Department for Pharmaceutical and Pharmacological Sciences, Pharmaceutical Analysis, University of Leuven (KU Leuven), Herestraat 49, Leuven 3000, Belgium; Department of Chemical Engineering, Vrije Universiteit Brussel, Pleinlaan 2, Brussel 1050, Belgium.
Department for Pharmaceutical and Pharmacological Sciences, Pharmaceutical Analysis, University of Leuven (KU Leuven), Herestraat 49, Leuven 3000, Belgium; Department of Pharmaceutical Development and Manufacturing Sciences, Janssen Pharmaceutica, Turnhoutseweg 30, Beerse 2340, Belgium.
J Chromatogr A. 2022 Jun 7;1672:463005. doi: 10.1016/j.chroma.2022.463005. Epub 2022 Mar 31.

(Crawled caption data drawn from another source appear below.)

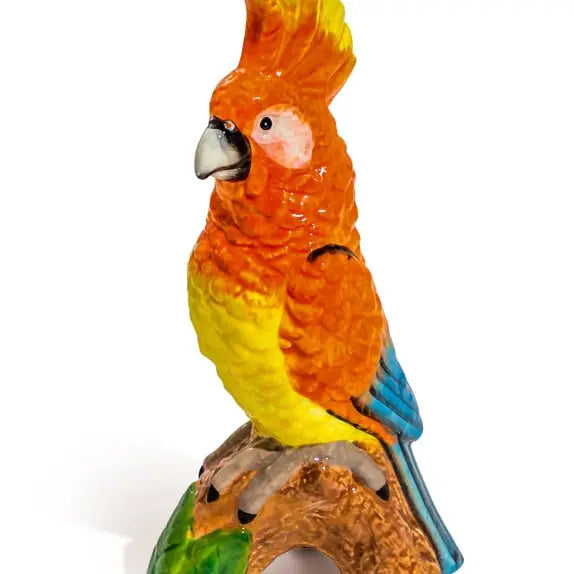 Parrot on a Perch Ceramic Vase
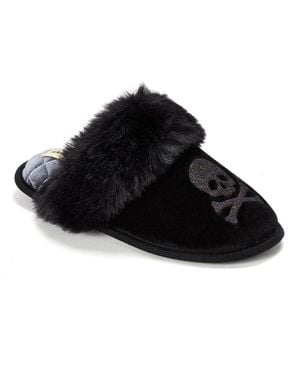 Dearfoams Halloween Velour Scuff Slippers - Black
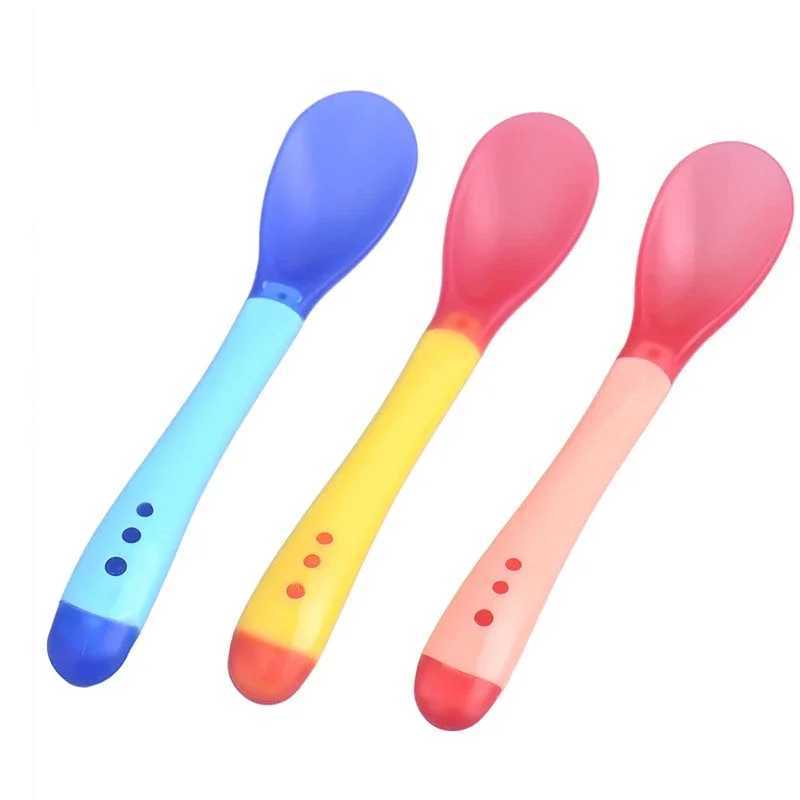 Cups Dishes Utensils 3 temperature sensing spoons/batch for safe infant feeding childrens boys girls and childrens tabletsL2405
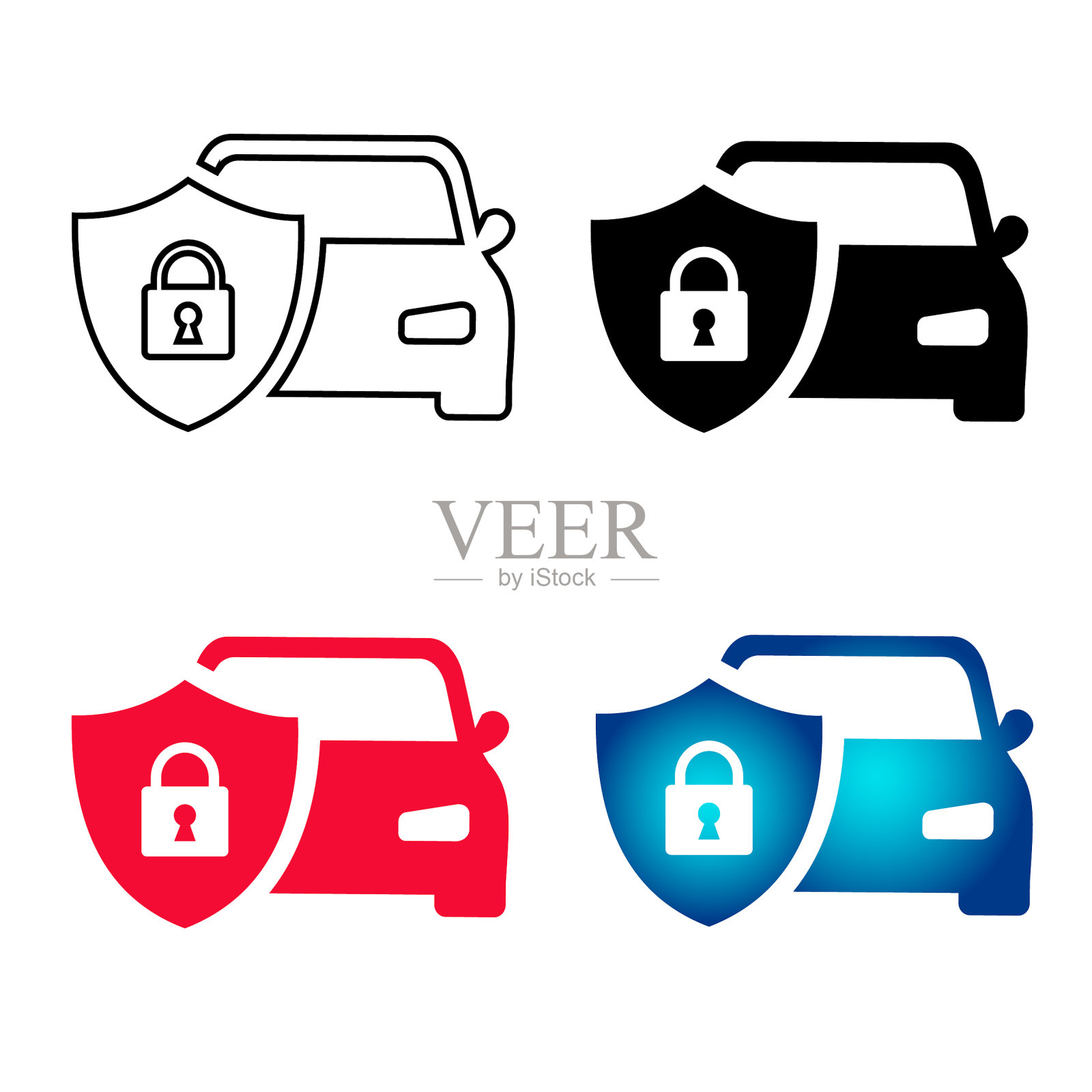 摘要汽车安全剪影插图插画图片素材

Although commercially available software provides options for automatic peak detection, visual inspection and manual corrections are often needed. Peak detection algorithms commonly employed require carefully written rules and thresholds to increase true positive rates and decrease false positive rates. In this study, a deep learning model, specifically, a convolutional neural network (CNN), was implemented to perform automatic peak detection in reversed-phase liquid chromatography (RPLC). The model inputs a whole chromatogram and outputs predicted locations, probabilities, and areas of the peaks. The obtained results on a simulated validation set demonstrated that the model performed well (ROC-AUC of 0.996), and comparably or better than a derivative-based approach using the Savitzky-Golay algorithm for detecting peaks on experimental chromatograms (8.6% increase in true positives). In addition, predicted peak probabilities (typically between 0.5 and 1.0 for true positives) gave an indication of how confident the CNN model was in the peaks detected. The CNN model was trained entirely on simulated chromatograms (a training set of 1,000,000 chromatograms), and thus no effort had to be put into collecting and labeling chromatograms. A potential major drawback of this approach, namely training a CNN model on simulated chromatograms, is the risk of not capturing the actual "chromatogram space" well enough that is needed to perform accurate peak detection in real chromatograms.
尽管市售软件提供了自动峰检测选项,但通常仍需要进行目视检查和手动校正。常用的峰检测算法需要精心编写规则和阈值,以提高真阳性率并降低假阳性率。在这项研究中,我们实施了一种深度学习模型,即卷积神经网络(CNN),以在反相液相色谱(RPLC)中进行自动峰检测。该模型输入整个色谱图,并输出预测的峰的位置、概率和面积。在模拟验证集上获得的结果表明,该模型表现良好(ROC-AUC 为 0.996),并且与使用 Savitzky-Golay 算法的基于导数的方法在实验色谱图上检测峰的性能相当或更好(真阳性增加了 8.6%)。此外,预测的峰概率(对于真阳性通常在 0.5 到 1.0 之间)表明 CNN 模型对检测到的峰的置信程度。该 CNN 模型完全在模拟色谱图上进行训练(训练集为 100 万张色谱图),因此无需花费精力收集和标记色谱图。这种方法的一个潜在主要缺点是,即在模拟色谱图上训练 CNN 模型,可能无法很好地捕获实际的“色谱图空间”,从而无法在实际色谱图中进行准确的峰检测。